DAVIS, GENE (1920-1985)

$12,500.00Price

"Series 1: Graf Zeppelin" (1968)

limited edition silkscreen, ed. 137/150

76.5 x 51cm (unframed)

unsigned

*private collection, Sydney

 

Davis was a leading American Colour Field Abstract Artist. He was a major figure in 20th-century American painting whose contribution was invaluable in establishing Washington, D.C. as a center of contemporary art. Davis also played a significant national & international role in the color abstraction movement that first achieved prominence in the 1960s. He worked as a sportswriter and White House correspondent before pursuing a career in art. Although never formally trained, Davis educated himself through assiduous visits to New York's museums and galleries as well as to Washington's art institutions, especially the Phillips Collection.
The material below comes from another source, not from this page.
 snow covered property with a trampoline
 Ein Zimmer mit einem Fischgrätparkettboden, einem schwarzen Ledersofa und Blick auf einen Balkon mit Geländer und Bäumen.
His early paintings & drawings though they show the influence of such artists as the Swiss painter Paul Klee & the American abstractionist Arshile Gorky display a distinct improvisational quality. This same preference for spontaneity characterizes Davis's selection of color in his later stripe paintings. Davis is known primarily for the stripe works that span twenty-seven years. In the 1960s, art critics identified Davis as a leader of the Washington Color School with Kenneth Noland & Morris Louis, a loosely connected group of Washington painters who created abstract compositions in acrylic colors on unprimed canvas. Their work exemplified what the critic Barbara Rose defined as the 'primacy of color' in abstract painting. His works are in the collections of the Corcoran Gallery of Art, the Solomon R. Guggenheim Museum, The Phillips Collection, the Pérez Art Museum Miami, the Walker Art Center, Rockefeller Empire State Plaza Art Collection & Smithsonian American Art Museum.